START PROVIDED DATA

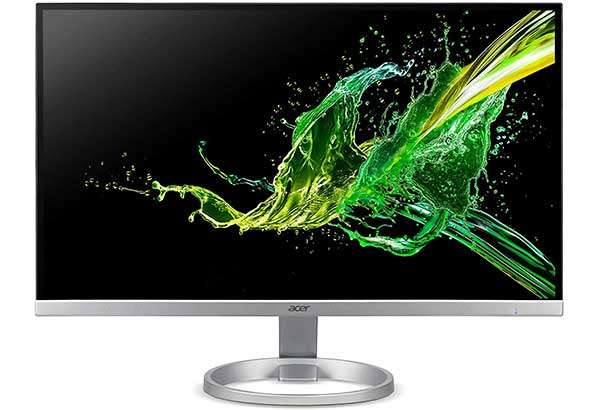 Il monitor Acer R240Ysmipx da 23,8 pollici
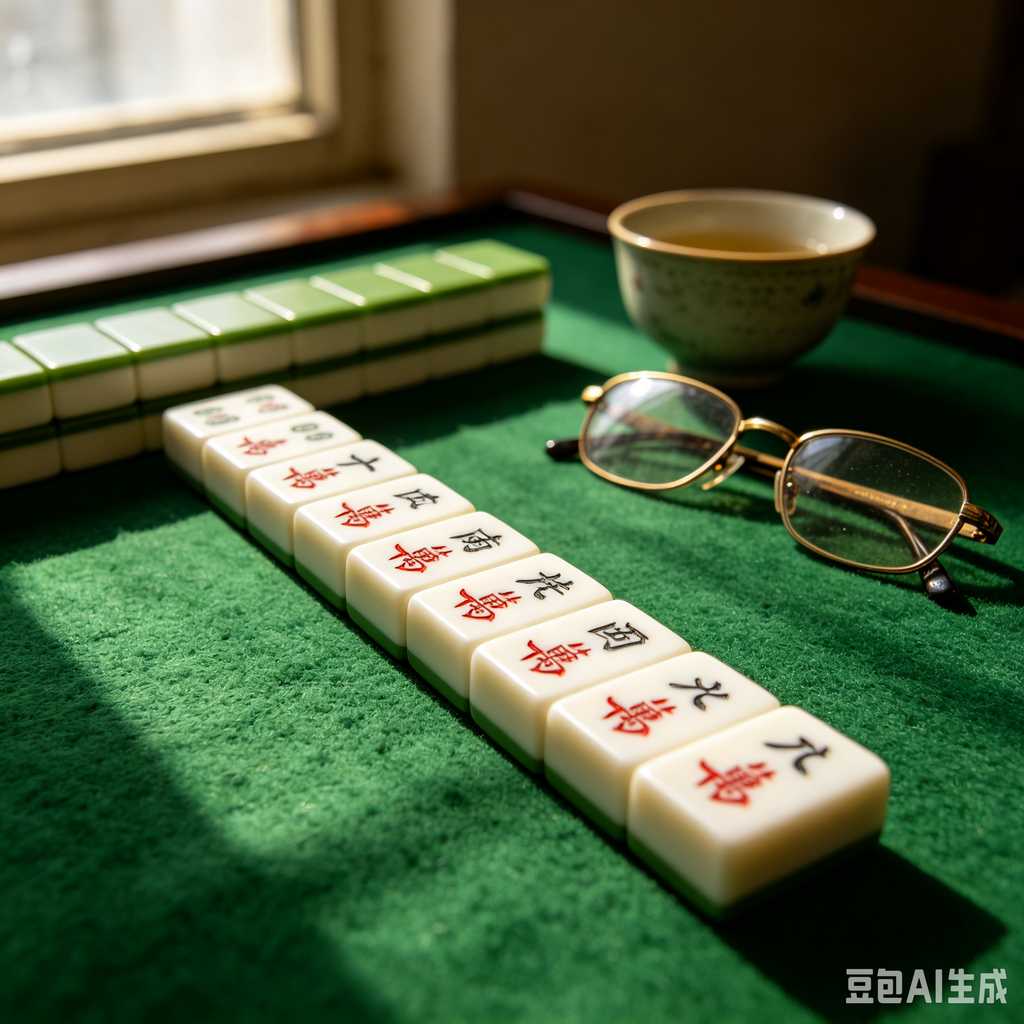 mahjong set for club use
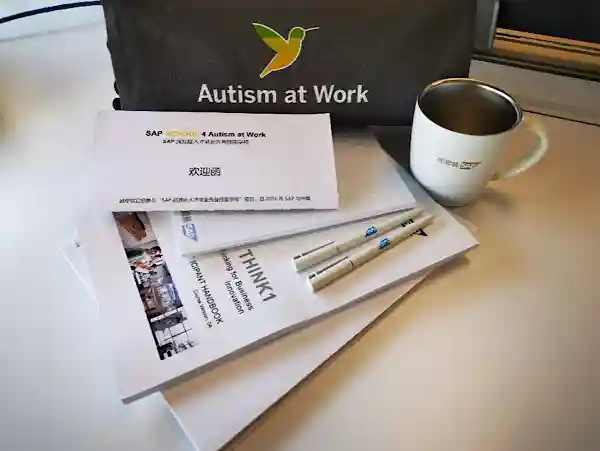 孤独症人士就业率不到10% 业界携手破解该群体融入社会难题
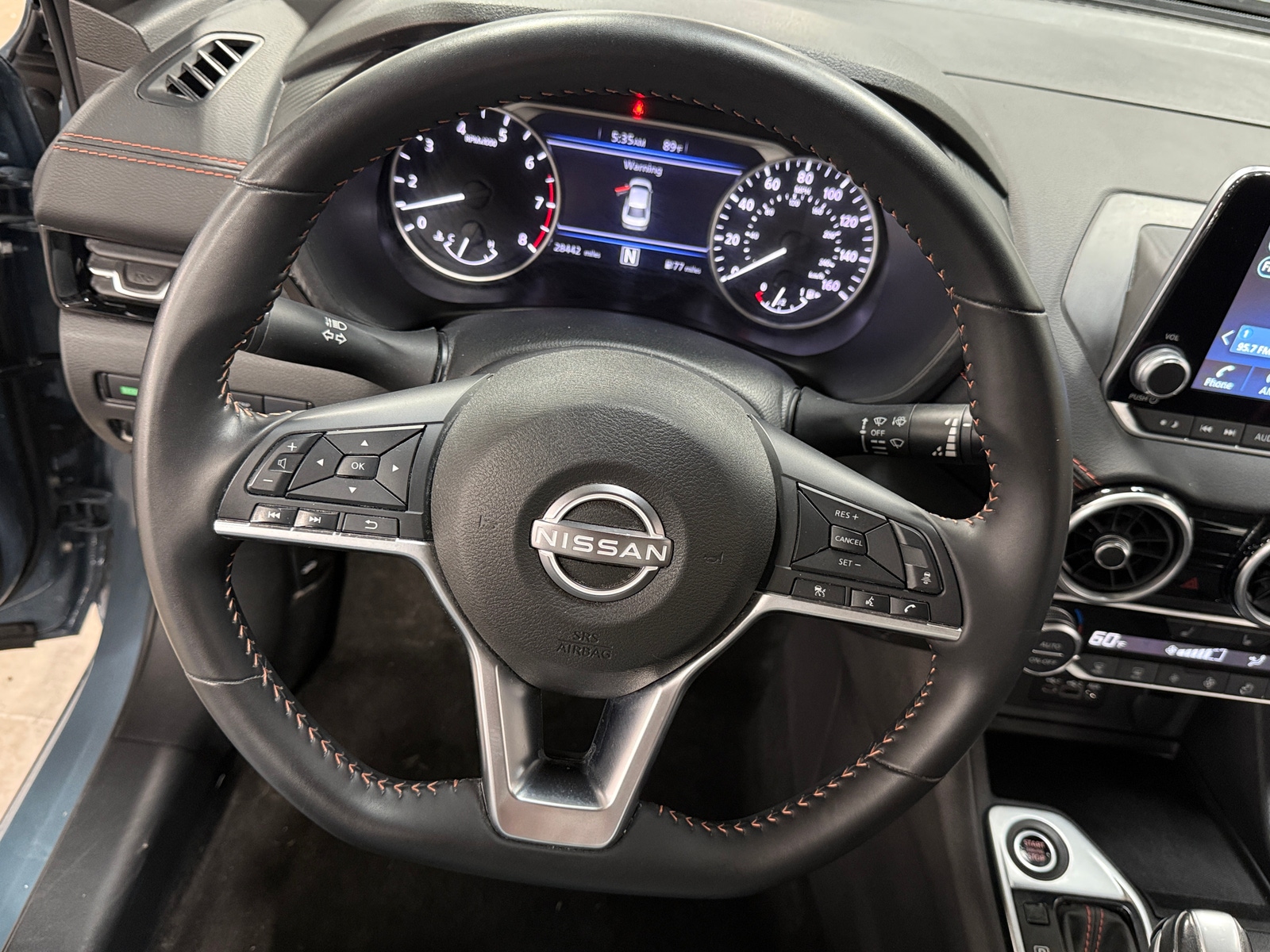 Thumbnail: 2025 Nissan Sentra - 5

END PROVIDED DATA

* **WHAT IS EXPECTED**: Everything in the material except the pictures should be output verbatim.

* **RESPONSE TO THE TASK**:
 Il monitor Acer R240Ysmipx da 23,8 pollici
 mahjong set for club use
 孤独症人士就业率不到10% 业界携手破解该群体融入社会难题
 Thumbnail: 2025 Nissan Sentra - 5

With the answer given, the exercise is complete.